Klingt sehr vertraut, oder? Für viele junge Menschen ist dies ein normaler und entspannter Mittwochabend. Für andere, vor allem für ihre Eltern, ist es ein Beweis für den Niedergang der Menschheit. "Du und dein Handy…", "Als ich in deinem Alter war, bin ich immer ausgegangen…", "Es ist immer dein verdammtes Handy…" Diese Art von Belehrung ist zu einer universellen Erfahrung innerhalb der Generationen geworden, die mit der Technologie aufgewachsen sind. Das ist unser Bild: ein junger Mensch, der im Dunkeln über einen leuchtenden Bildschirm gebeugt sitzt, emotional unerreichbar ist und den Verfall sozialer Fähigkeiten in Echtzeit demonstriert. Doch ist dieses Bild zutreffend?

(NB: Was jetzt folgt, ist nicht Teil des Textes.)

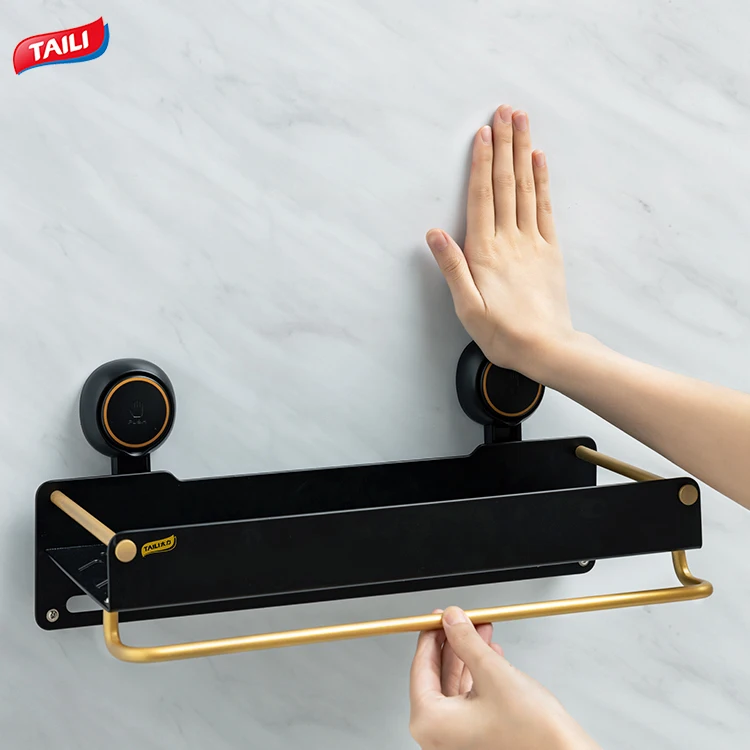 New Design Multifunctional Strong Bearing Kitchen Rack Wall Mounted Kitchen Spice And Towel Holders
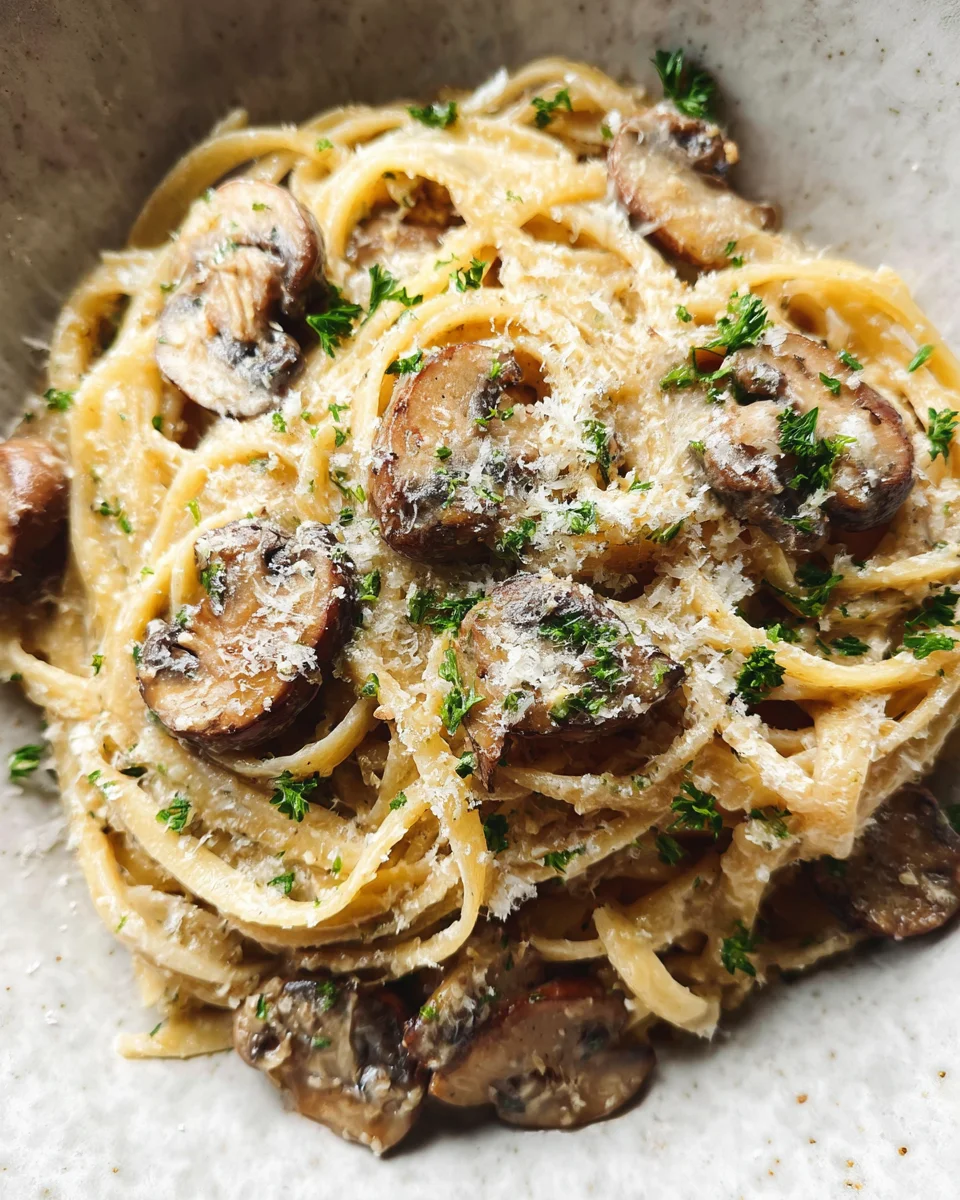 Creamy Mushroom Pasta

Hat die Integration der Technologie in den Alltag wirklich zu einer Verschlechterung unserer sozialen Kompetenzen geführt? Hat die Digitalisierung unserer Beziehungen stattgefunden, und hat sie unsere Fähigkeit, miteinander in Kontakt zu treten, ausgehöhlt?

Wir haben mit drei jungen Erwachsenen, der Leiterin eines Jugendzentrums und einem Psychologen gesprochen, und die Antwort auf unsere Frage ist wesentlich differenzierter, als es der Diskurs zu suggerieren versucht.

Die Bubble…

Mélanie, eine Musikstudentin, schildert ein Bild, das uns allen sehr vertraut ist: "Wenn [die Leute] ausgehen, sind sie nur mit ihren Handys beschäftigt. Ich habe schon oft in Zügen gesehen, dass man aus Langeweile einfach sein Handy in die Hand nimmt. Und dann, wenn man sich umschaut, schauen sie nicht mehr aus dem Fenster oder nehmen ein Buch in die Hand." Es ist unbestreitbar, dass digitale Werkzeuge - die Geräte und Plattformen, die wir meist in unseren Taschen tragen - viel Platz in unserem Leben einnehmen. Jessica schätzt, dass sie sie für 80 bis 90 Prozent ihrer täglichen Aktivitäten nutzt. Raquel hingegen schätzt etwa 50 Prozent, bevor sie hinzufügt: "Je nach Tag und Laune kann es zwischen 70 und 30 Prozent liegen." Keiner von ihnen ist sich der Anziehungskraft, die sie von ihren persönlichen Geräten ausüben, nicht bewusst. Mélanie beschreibt es klar und deutlich: "Alles ist so gemacht, dass es süchtig macht … Das ist ein großes Wort, aber trotzdem … wir sind immer darauf angewiesen, und alles ist so gemacht, dass wir immer wieder zum Telefon zurückkommen."
 

Mélanie Martins

Die traditionellen Ablenkungen scheinen an Beliebtheit zu verlieren. Aber diese vagen Zahlen sagen nichts Konkretes aus. Entscheidend ist, wofür die digitalen Werkzeuge genutzt werden. Jessica konsumiert nachts nicht passiv Online-Inhalte, sondern unterhält sich mit Bekannten und pflegt über Zeitzonen hinweg familiäre Beziehungen zu Cousins und Cousinen in Frankreich und auf den Kapverden. Mélanie nutzt ihr Ipad für Musiknotationen am Konservatorium, Nachrichten zur Pflege von Freundschaften und Videoanrufe mit entfernten Familienmitgliedern in Portugal. Digitale Geräte und Plattformen ersetzen das soziale Leben nicht. Für viele sind sie eine Infrastruktur, über die das soziale Leben heutzutage funktioniert.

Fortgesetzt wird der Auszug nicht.